Active, not recruiting

• Conditions: Non-Small Cell Lung Cancer
• Interventions: Drug: M1774; Drug: Cemiplimab

• Registration Number: NCT05882734
• Lead Sponsor: EMD Serono Research & Development Institute, Inc.

Brief Summary

This is an Open-label, multicenter clinical study conducted in two Phases to establish the efficacy, safety, tolerability, and pharmacokinetics of the ataxia telangiectasia mutated and Rad3-related protein kinase (ATR) inhibitor Tuvusertib in Combination with Cemiplimab in Participants with Non-Squamous Non-Small Cell Lung Cancer (nsqNSCLC) that has Progressed on Prior Anti-PD-(L)1 and Platinum-based Therapies..

Detailed Description

Not available

Study Timeline

• Study First Submitted: 2023-05-22
• Study First Submitted QC: 2023-05-22
• Study First Posted: 2023-05-31
• Study Start: 2023-09-13
• Status Verified: 2025-07
• Last Update Submitted: 2025-07-11
• Last Update Posted: 2025-07-14
• Primary Completion: 2026-03-30
• Study Completion: 2026-03-30

Recruitment & Eligibility

• Status: ACTIVE_NOT_RECRUITING
• Sex: All
• Target Recruitment: 180

Inclusion Criteria

• Participants who are diagnosed with nsqNSCLC histologically or cytologically confirmed

• Participants with Radiologically confirmed/documented disease progression during or after the following systemic therapies (all required):

  • At most, 1 line of anti-PD-(L)1 therapy for locally advanced or metastatic disease.

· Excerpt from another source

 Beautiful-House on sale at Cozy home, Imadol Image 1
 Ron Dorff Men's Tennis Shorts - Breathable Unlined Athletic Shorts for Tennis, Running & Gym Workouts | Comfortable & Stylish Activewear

Rechallenge with the same anti-PD-(L)1 for disease considered sensitive to anti-PD-(L)1 therapy (e.g. after a treatment break) is considered 1 line
  • Platinum-based therapy for locally advanced or metastatic disease, given in combination or sequentially with anti-PD-(L)1 therapy. Participants who received adjuvant platinum-based therapy meet this criterion if disease progression occurred within 6 months from the last dose that the participant received that therapy. No additional cytotoxic therapies after progression on platinum-based therapy are allowed
  • Prior best overall response of stable disease or better with anti-PD-(L)1 therapy
  • Disease progression must have occurred while the participant has been receiving anti-PD-(L)1 therapy or within 16 weeks of the last dose of anti-PD-(L)1 therapy

• Participants with Measurable disease per RECIST v1.1

• Participants with Eastern Cooperative Oncology Group (ECOG) PS 0 or 1

• Adequate hematological, hepatic, and renal function as defined in the protocol.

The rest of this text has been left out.